Butler asks “How might gender exist without constraints?” I ask “How might a feminist or feminine masculinity be performed by male bodied individuals?”

Do you believe that there are multiple levels or Deleuzian “plateaus” of gendered stylization? Does the stylized aesthetic of the sexed body also necessarily include “bodily gestures, movements, and styles of various kinds” (Butler 1990 pg. 191)? For example, if a male bodied individual maintains a bodily aesthetic characterized by signs that by normative cultural standards would be considered thoroughly masculine e.g. full beard, muscular build, etc. yet performs variant forms of gendered stylization what may we consider him/her?

If gender is also an extroverted temporal identity performed through a “stylized repetition of acts” spaces for non-normative masculinity can only be opened up once an individual has passed through certain feminized temporalities e.g. open up oral and anal modes of penetration, interrogating sexist practices, rescinding control. I believe the possibilities for “alternative” masculinities exist only within or after passing through these temporal manifestations of style. Only once an individual experiences feminine corporal attributes can they break away from the dominant paradigm of normative masculinity.



3 comments:

mattilda bernstein sycamore said...
This comment has been removed by the author.
mattilda bernstein sycamore said...

Wait, did I really just delete my own comment?
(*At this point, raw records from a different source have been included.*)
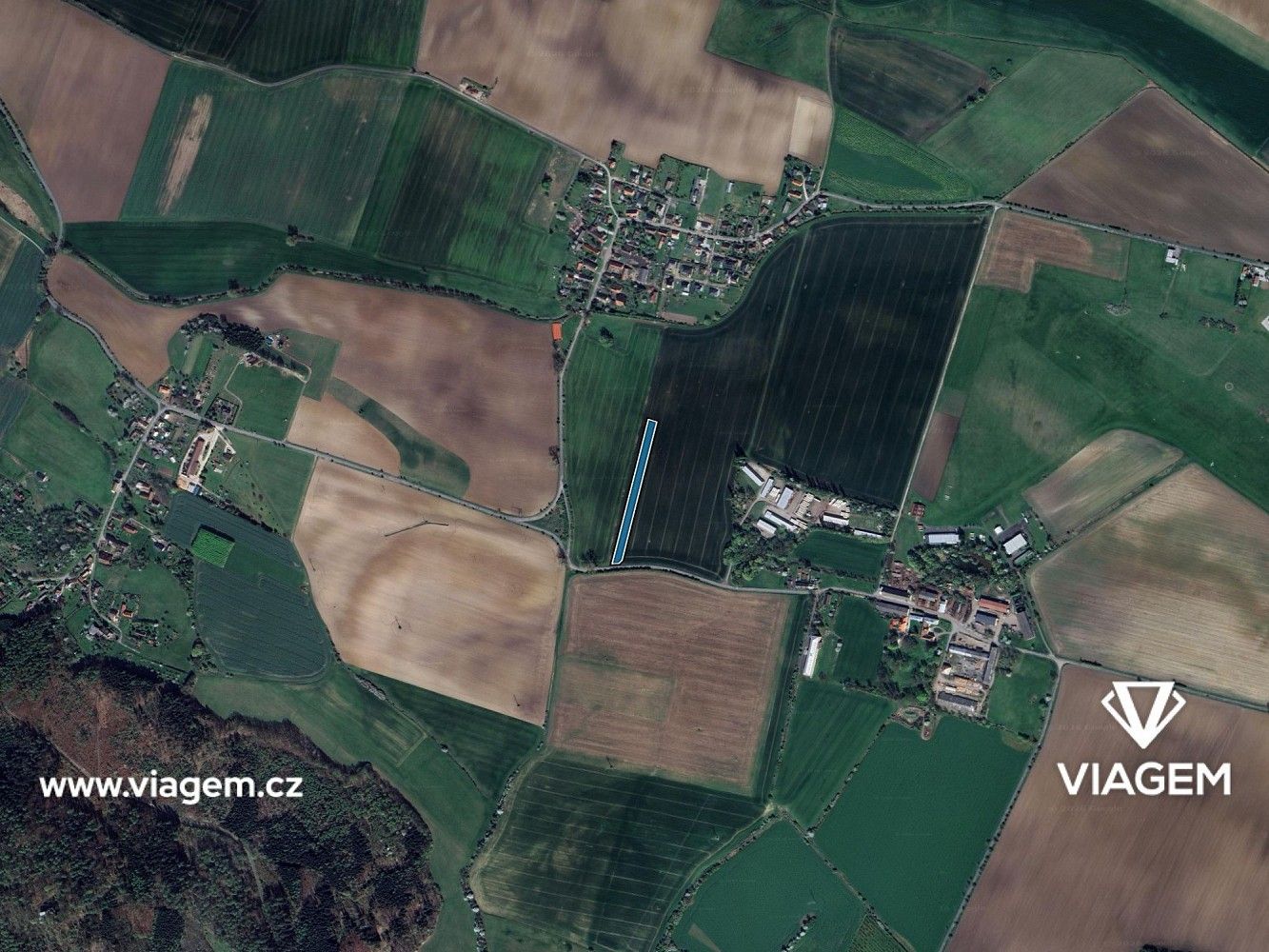 Zemědělský pozemek · Podhradí, okres Jičín - 3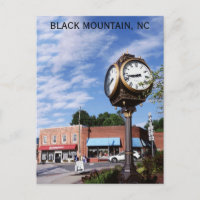 Black Mountain North Carolina Travel Photo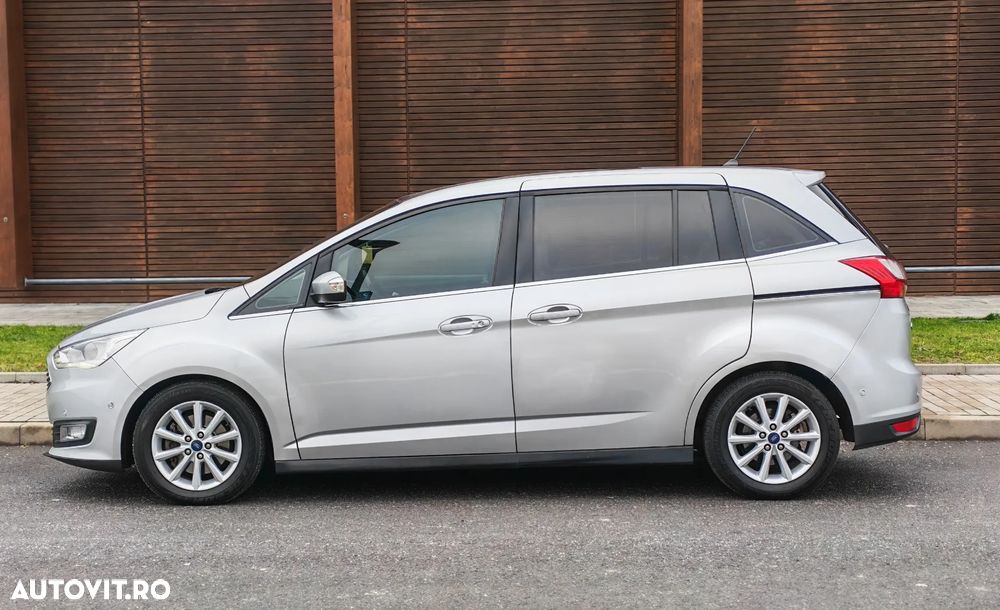 Ford Grand C-Max 1.5 TDCi Start-Stopp-System Aut. Business Edition - 5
That kid so does not have better style than you...

queercat said...

Ah, but do you not, in relying upon these "feminine" styles of presentation (such as penetration) to "open up" new performances of masculinity, end up re-inscribing the distinction between the two, as well as the association of femininity with penetrability? See for example, Bersani's discussion in "Homos" of why male gay sex horrifies straights: because gay men "take their sex like women." This is a generalization that heterosexualizes and therefore serverely reduces the possibilities for female sexual embodiment. So, what might a non-penetrable femininity look like, and what might the advent of such a femininity "do" to our understanding of gay male sexuality--which so often relies upon a heterosexualized notion of femininity for its intelligibility?